Cuando, a continuación, vemos el pueblo lleno de mujeres embarazadas, se profundiza en esa inquietud producto de un entorno normal vulnerado por un elemento extraño. Sin embargo, con el nacimiento de los bebés, los cuales, una vez crecidos, se han convertido en un grupo de niños albinos con poderes telepáticos, esa inquietud desaparece al tomar la forma de un peligro reconocible. Y es aquí donde El pueblo de los malditos se convierte en una contradicción: por un lado, quizás movido por una amenaza que hace de la inocencia su tarjeta de presentación, Carpenter busca el construir un terror sutil a base de un ritmo tan mesurado como los movimientos coordinados del grupo de niños asesinos y cuyo principal consecuencia es una puesta en escena excesivamente transparente, carente de fuerza.
Pero, quizás consciente de la blandura general del trabajo, Carpenter adorna el conjunto con una serie de golpes de efecto -las retorcidas muertes producto de los poderes de los chicos; los refulgentes brillos en sus ojos; la presencia de un escalofriante bebé alienígena-, cuya estridente irrupción en la atmósfera de tranquilidad imperante no hace más que subrayar las carencias, la tibieza, de la que hace gala el film.

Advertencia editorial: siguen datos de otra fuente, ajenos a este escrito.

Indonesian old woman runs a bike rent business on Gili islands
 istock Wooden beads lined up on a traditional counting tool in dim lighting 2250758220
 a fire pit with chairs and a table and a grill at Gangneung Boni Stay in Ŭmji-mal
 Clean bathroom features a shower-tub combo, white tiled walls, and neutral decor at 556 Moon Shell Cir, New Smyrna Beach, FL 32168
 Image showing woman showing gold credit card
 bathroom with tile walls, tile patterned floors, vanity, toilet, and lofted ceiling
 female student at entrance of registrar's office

A pesar de lo dicho, El pueblo de los malditos no es una película del todo despreciable, sirviendo de muestra, además, del talento de su director quien, incluso en un título menor como el que nos ocupa, demuestra sus habilidades narrativa (especialmente la claridad expositiva de sus planos), aportando, incluso, algunas buenas ideas de planificación -la representación de la fortaleza mental del protagonista, quien oculta sus pensamientos detrás de un muro de ladrillos que se irá derrumbando por los ataques psíquicos de los niños-, pero está claro que, en esta ocasión, el director de La noche de Halloween se ha tomado el proyecto de manera mucho menos personal que con La cosa.